Such practice has also recently hit the headlines in the charity press with one case reportedly being referred to the Scottish Police.
The Equality Act 2010 makes it unlawful to discriminate against people on the grounds of age, disability, gender reassignment, marriage and civil partnership, pregnancy and maternity, race, religion or belief, sex and sexual orientation. To avoid discriminating against anyone during recruitment and selection, we must consider making reasonable adjustments. For example, a disabled person may require assistance with accessing the interview location, additional time to complete a selection test or a chance to apply using documentation alternative to your standard application form.
We have most recently been involved in a number of extreme cases, seemingly involving submissions from the same candidate. The applications received contained upwards of 10 pages of general statements, pre-solicited references and a list of very high level qualifications that the candidate purports to have gained in their career.
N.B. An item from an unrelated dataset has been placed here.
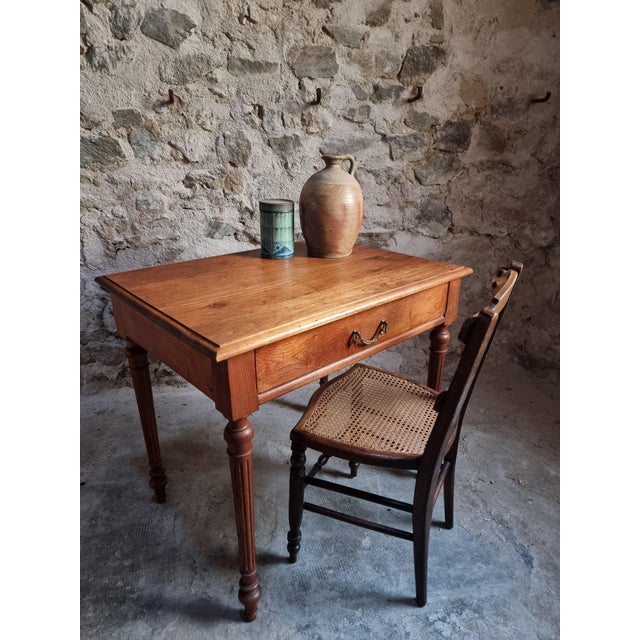 Compact oak writing table dating from around 1930–1950. Made of solid oak with a warm natural patina, it features one...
Such documents were often accompanied by an aggressively worded email setting out various requirements that are suggested as ‘reasonable’ adjustments that the employer is ‘required’ to make under their duty set out within the Equality Act 2010, to support the candidate to attend an interview. Such adjustments were listed to be: a paid carer to support the candidate to attend an interview, hotel accommodation with meals prior to the interview, paid first class rail travel, a relaxation room to prepare for and rest after interview, and refreshments and snacks. In some cases, this candidate also threatened court action if business class air travel was not paid for to support their attendance.
Crucially, these particular applications also stated that any attempts to contact the candidate via telephone would cause them anxiety and stress due to a mental health condition and as a result they would be unable to take part in a telephone interview or answer any questions before hand to further verify their suitability for the role.
In reality, the cases we have been involved in are exceptional with some very clear threats and some specific outlandish requests, and in reading all of this you may question why it would ever be taken seriously? However, as stated above, the Equality Act does indeed require us to consider such adjustments and it does happen more often than you would expect. So, what lessons can we learn from such cases, how can we determine a genuine request for support from a fishing exercise and what can we do to limit our exposure to such applications?
Firstly, it is useful to remember that a European Court of Justice (ECJ) ruling from a similar case provides that a person who applies for a position in order to claim discrimination cannot be considered as a “victim” under the EU law, and their actions may, in fact, constitute “an abuse” of rights. As such a candidate would have to prove a genuine interest in the position to be successful in an employment tribunal claim. If you have a candidate blindly applying for multiple roles, who live an enormous distance from the working location of the role advertised, and does not display any skills or qualifications that are appropriate for the role then it may be that they are simply fishing.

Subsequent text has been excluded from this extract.